Return nothing but the lines from the one with "Image of Kubota B6200 equipment image 2" through the one with "Seorang fans tengah" in the data below, word for word and without pictures.
(Record extracts begins)
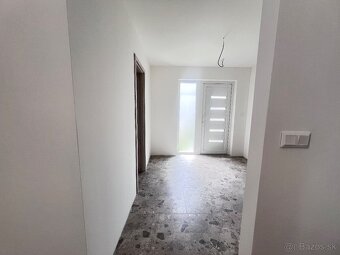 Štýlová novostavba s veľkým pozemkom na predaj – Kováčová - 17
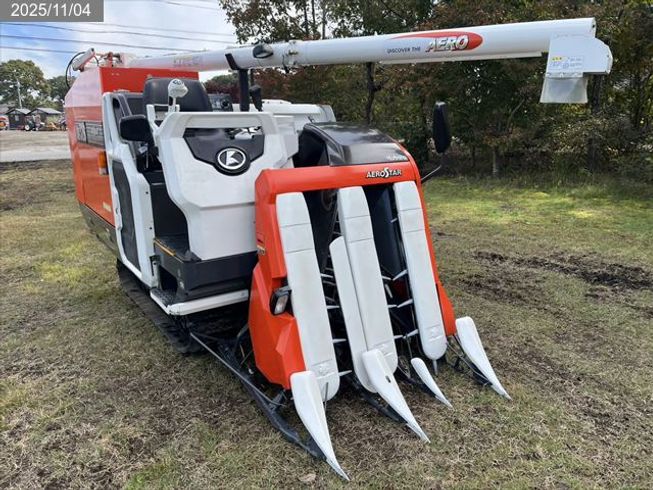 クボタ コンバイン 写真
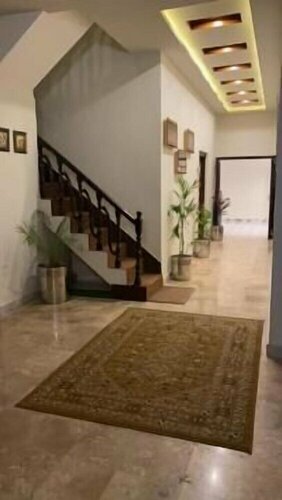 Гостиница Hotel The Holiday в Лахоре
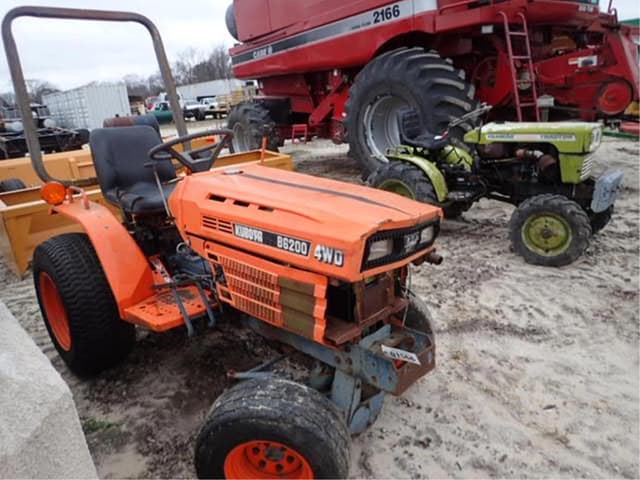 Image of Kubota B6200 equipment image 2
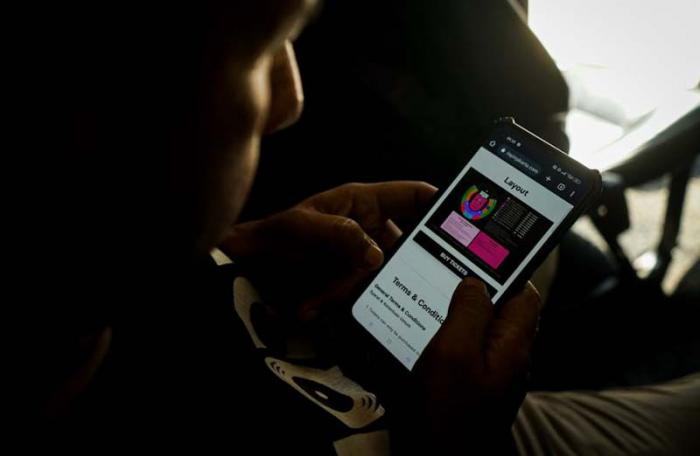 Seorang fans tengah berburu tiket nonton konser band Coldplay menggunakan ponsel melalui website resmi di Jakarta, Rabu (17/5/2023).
(Record extracts ends)
(Record extracts begins)
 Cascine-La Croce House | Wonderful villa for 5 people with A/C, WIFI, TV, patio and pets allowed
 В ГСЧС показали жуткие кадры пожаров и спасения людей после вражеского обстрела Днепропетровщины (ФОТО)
(Record extracts ends)
» Task output
 Image of Kubota B6200 equipment image 2
 Seorang fans tengah berburu tiket nonton konser band Coldplay menggunakan ponsel melalui website resmi di Jakarta, Rabu (17/5/2023).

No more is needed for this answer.